Hence, the parameters with higher sensitivity or specificity values are not necessarily the selected variables in the logistic regression method. The stepwise probability test determined the criteria by which the variables were entered into and removed from the model. The LDF was calculated by taking the weighted sum of the predictor variables. Significant OCT parameters were combined to generate a new variable (LDF) in such a way that the measurable differences between healthy and AD eyes were maximized. The ROC curves were plotted for all of the parameters and compared to the proposed LDFs. 
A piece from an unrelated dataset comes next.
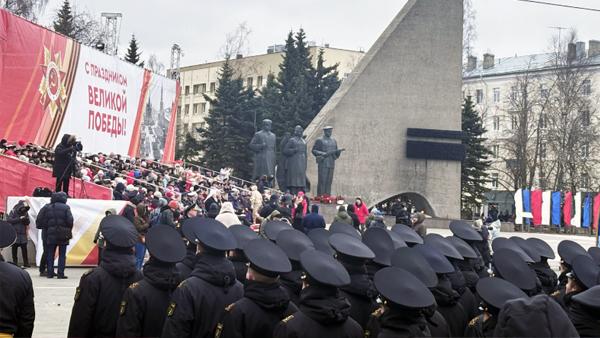 В Архангельске 9 мая пришлось свернуть праздничные мероприятия из-за шторма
Differences among ROC curves were compared using the Hanley-McNeil method. 32 The cutoff points were calculated with MedCalc software (available in the public domain at http://www.medcalc.com) as the points with the best sensitivity–specificity balance. Sensitivities at 85% and 95% (15% and 5% false-positive rate, respectively) fixed specificities, and positive and negative likelihood ratios also were calculated. 
A new population was selected randomly from among 50 different AD patients and 50 different healthy subjects to test the performance of the LDF. The test was based on 768 RNFL measurements provided by the Spectralis OCT device in this independent population, referred to as the “validating set.” The ROC curve was plotted for the proposed LDF. 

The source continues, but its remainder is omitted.